In 17 games with the Las Vegas Raiders in 2022, Hollins recorded career-highs across the board with 57 receptions on 94 targets for 690 receiving yards and 4 touchdowns per PFR.
WR Darius Slayton
In addition to a big-bodied possession receiver, the Ravens could use more speed at the position as well, especially on the perimeter. Slayton can provide just that and has solid potential as a No. 2 or No. 3 option on the depth chart depending on what the team does in the draft as well.
He can take the top off opposing defenses with impressive vertical speed and has been consistently productive with over 720 receiving yards and an average of 15 or more yards in three of his first four years in the league according to PFR.
Slayton is only slated to command an average annual salary of just $3.5 million per spotrac which is a solid bargain for what he brings to the table and the potential impact he can have for the foreseeable future at just 26 years old.
WR Parris Campbell
After struggling mightily to get and stay on the field due to injuries in his first three seasons, the former second-round pick of the Indianapolis Colts finally managed to play a full season and showed some flashes of the playmaking threat he was envisioned to be coming into the league.
In 2022, Campbell appeared in all 17 games, made 16 starts, and set new career highs in targets (91), receptions (63), receiving yards (623), and touchdowns (3) according to PFR.
Like Slayton, he also possesses blazing speed that he can use to stretch the field vertically yet is only expected to garner an average annual salary of just $2.5 million per spotrac. That would look like a great value signing if he were to be signed and continue to stay healthy,
RB Justice Hill
Despite coming off his best season to date where he set career highs in both rushing yards (262) and yards per attempt (5.3), the Ravens’ fourth-round pick in 2019 likely won’t have a robust market or command much more than the veteran minimum.
He may decide to go elsewhere to be a part of a regular rotation but he is likely very valuable to the Ravens as a nice change of pace back that runs with underrated power as well as a core special teams contributor. His vision, footwork, and burst looked very well last season for a player coming off a torn Achilles that knocked him out of commission for all of 2021.
RB Kenyan Drake
The seven-year veteran stepped up and performed well when the Ravens called his number and made him their bell cow when their top two backs were out or ailing. He had a pair of 100-plus yard games from scrimmage that included a season-high 119 yards on the ground against the Giants.
Luckily for the Ravens, he also won’t likely command a hefty asking price on the open market and could probably be had for a contract under $2 million given his position, age, and lack of eye-popping production.
RB Samaje Perine
The six-year veteran hasn’t had a featured role in an offense since his rookie year with the Washington Commanders in 2017 but has managed to make a name and find a niche for himself as one of the best third-down backs in the league.

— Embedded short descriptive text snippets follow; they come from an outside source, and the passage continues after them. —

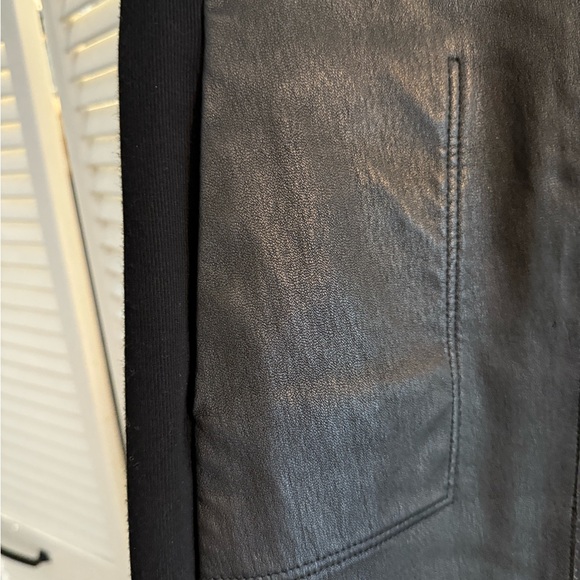 VINCE 100% LEATHER SLEEVELESS SHEATH DRESS-KNEE LENGHT, SIZE 2 - Picture 5 of 8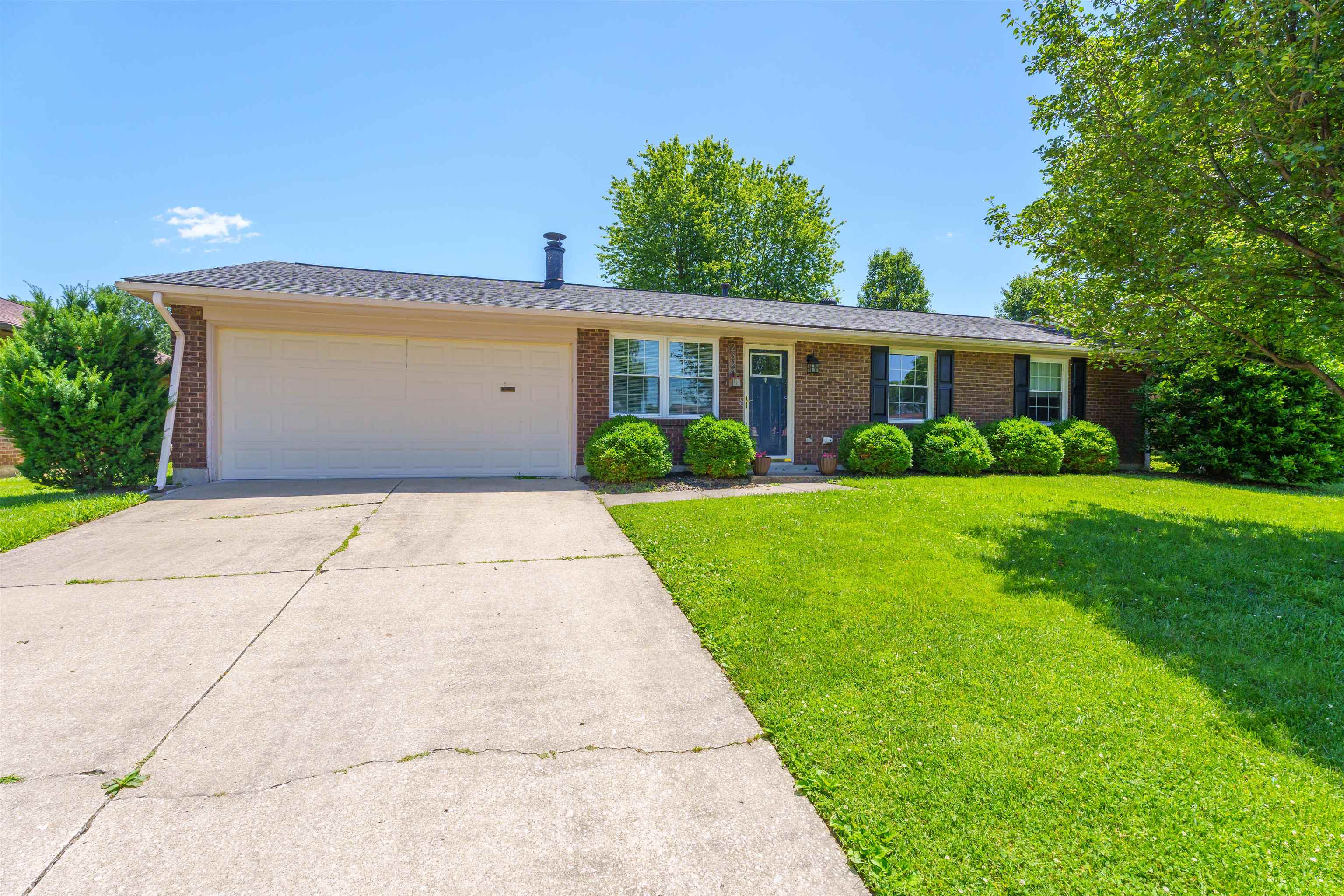 2324 Landsdowne S, Owensboro, Kentucky 42303, 3 Bedrooms Bedrooms, ,1 BathroomBathrooms,Single Family Residence,For Sale,Landsdowne S,89847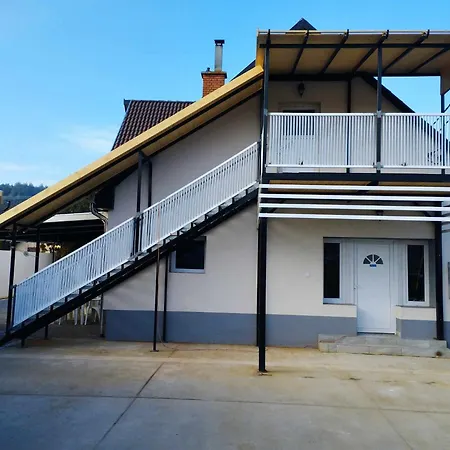 Viola Apartmanhaz 公寓 Bogács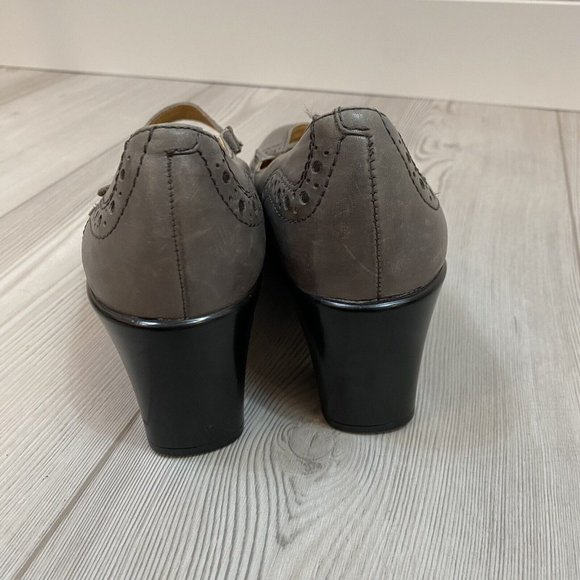 Earth Primrose Gray Taupe Criss Cross Mary Janes Heels Pumps Women's size 9B - Picture 8 of 8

Whether it’s as a receiver out of the backfield or staying behind to pick up a blitzer, Perine is a nice asset that can be had for just a mere average annual salary of just $3 million per spotrac.
According to PFR, in 2022 with the Bengals, he recorded his most scrimmage yards since his rookie season with 681 and 6 total touchdowns.
OG Will Hernandez
The 27-year-old former second pick of the Giants who most recently played for the Arizona Cardinals is one of many solid replacement-level options that the Ravens can and probably will bring in to compete with 2021 third-rounder Ben Cleveland for the starting left guard spot. Hernadez has started 69 of his 75 career games including all 13 that he appeared in with the Cardinals in 2022 per PFR. The team will likely add a rookie or two in the draft and undrafted free agency to the mix as well.